For employers, there are several important ramifications beyond amending their programs to comply with the new requirements.  First, OSHA plans to post this information on its website so that it is publicly available.  Their stated aim is to “nudge” employers to improve occupational safety of their worksites by making this data publicly available in a manner than allows a comparison among various companies in the same industry.  Unfortunately, occupational injury and illness records do not tell a complete story, a company may have an excellent safety program yet have unfortunate accidents (talk to any company that has had a long and proud “no lost time” record only to have a fluke event cause an unforeseeable injury).  And at this time, the details of how the information will be presented are not known, so we do not know the degree to which some context will be provided.  OSHA says that it wants this data to be useful for researchers to study trends in occupational injury and illness, so we should expect that there will be some ability to query and sort the records.  Of course, this information could also prove useful to competitors, plaintiffs’ attorneys, unions, and others who may have interests not completely in line with those described by OSHA in support of the rule.
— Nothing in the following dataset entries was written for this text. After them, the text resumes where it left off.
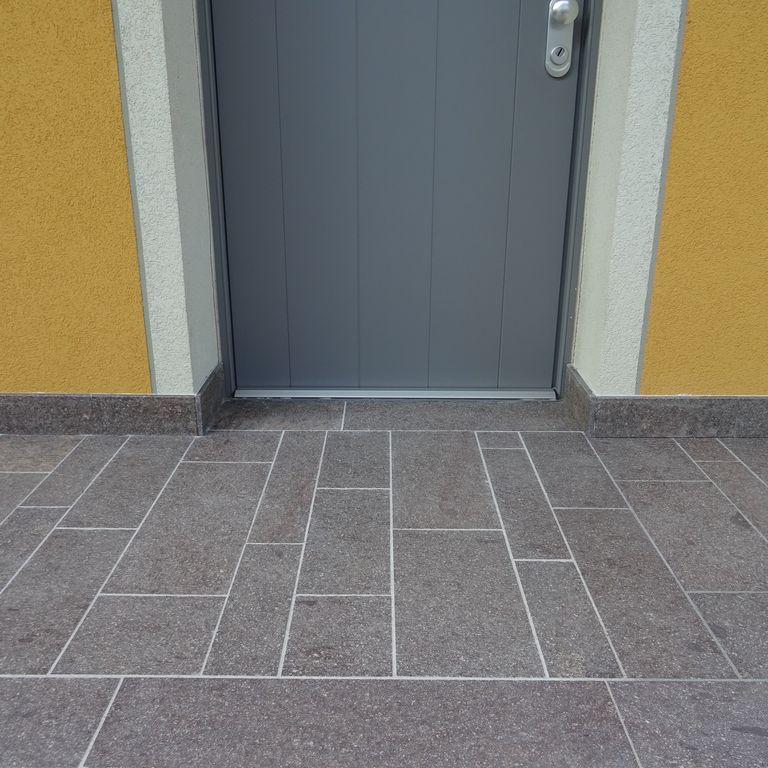 Application image for Porphyry - Imperial Roman Brown. The image shows this material being used in a patio pavers application. The surface finish shown is flamed. Dominant colors shown are brown and gray. The color mix creates a cool feeling.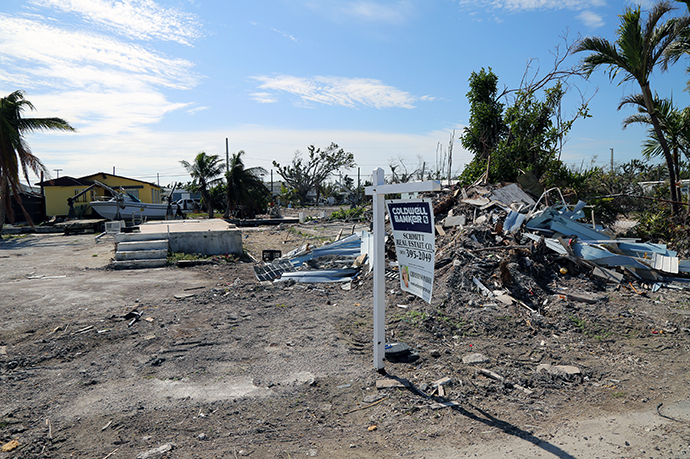 A realtor’s sign stands in front of a razed house in Big Pine Key, Fla. Photo by Deborah Coble, Florida Conference.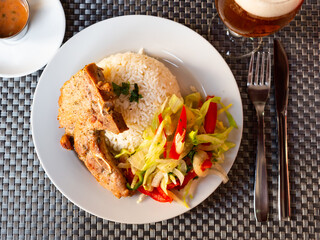 Pork chop with rice and vegetables. Latin American cuisine
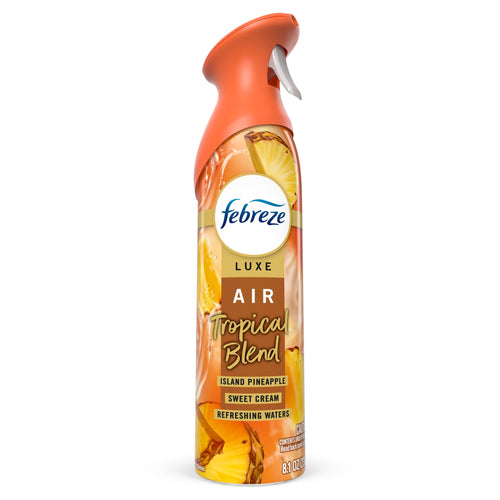 Febreze Luxe Air Mist bottle in tropical-orange packaging labeled 'Tropical Blend' with pineapple imagery.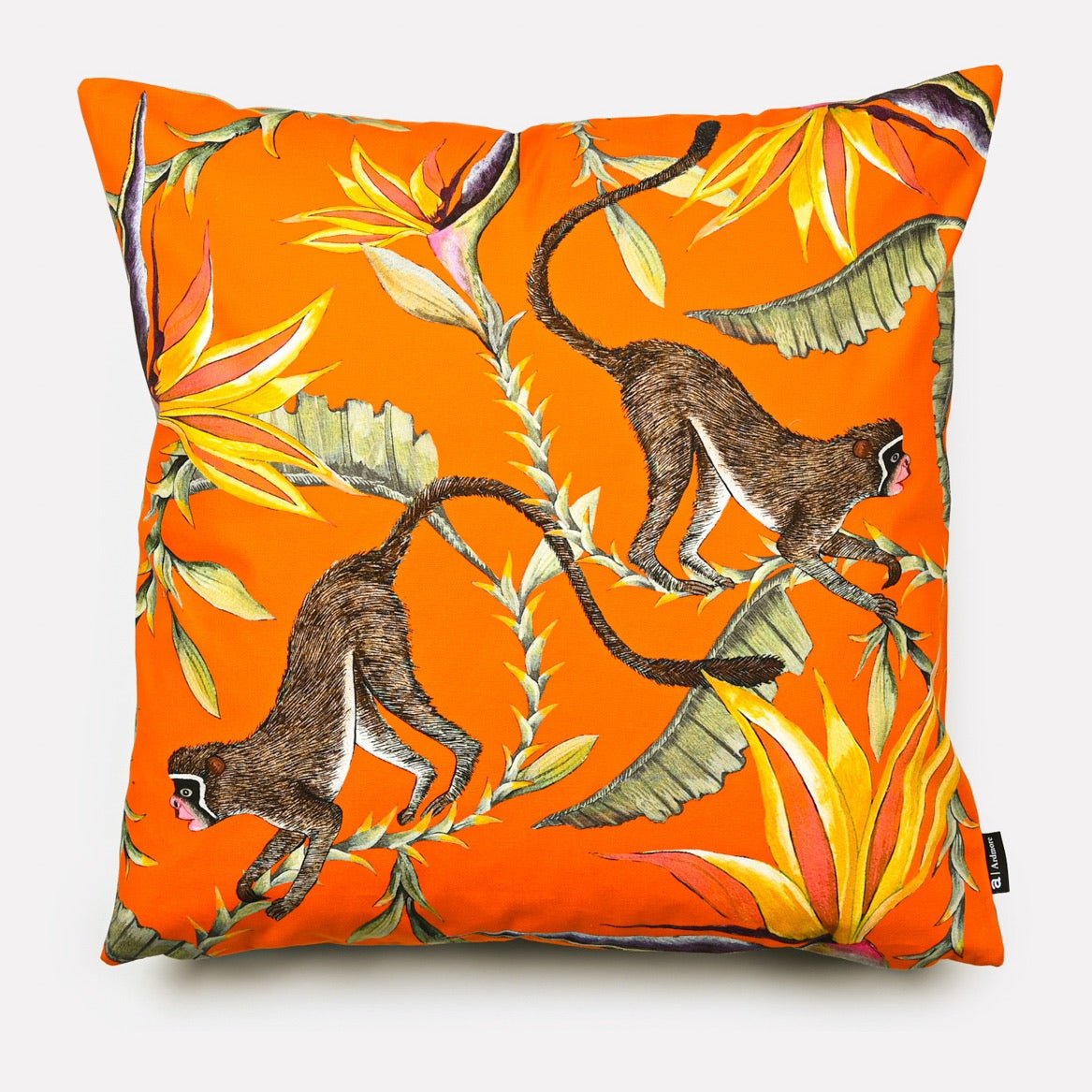 Front view of the Monkey Paradise Flame Cushion Cover, featuring vibrant orange and yellow foliage with playful monkey illustrations.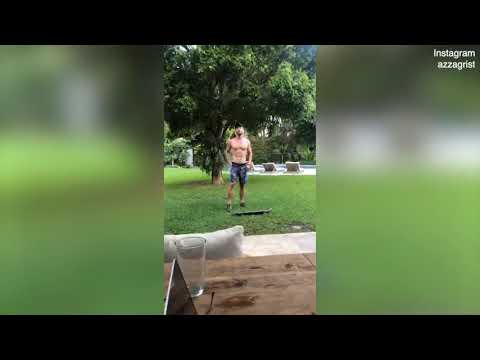 Shirtless Chris Hemsworth attempts skateboard tricks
In addition to making the information publicly available, these records will also be used by OSHA to guide their enforcement efforts.  Employers should presume that OSHA and their state counterparts in State Plan States will be reviewing this data to identify worksites to target for inspections.  Currently, there are other ways that OSHA can obtain information on occupational injury and illnesses but nothing approaching the data set that they will assemble with this new rule.  Companies that are submitting electronically should plan on reviewing the data when it becomes available on-line to determine for themselves how they stack up against others in their industry.  This is one of the benefits touted by OSHA, encouraging employers to compare their performance to others in their industry and improving their workplace safety programs if they lag.
It is worth noting that this new rule will apply to employers even in State Plan States.  Although state “OSHAs” are required to amend their regulations to be consistent with the new federal requirement, as with any other OSHA regulation, in this case the federal regulation will apply directly to employers in State Plan States, such as California.  OSHA will then share that information with their state counterparts for use in their enforcement efforts.
The portions of the new regulations take effect August 10, 2016 but the first electronic record submittal will not be due until July 1, 2017.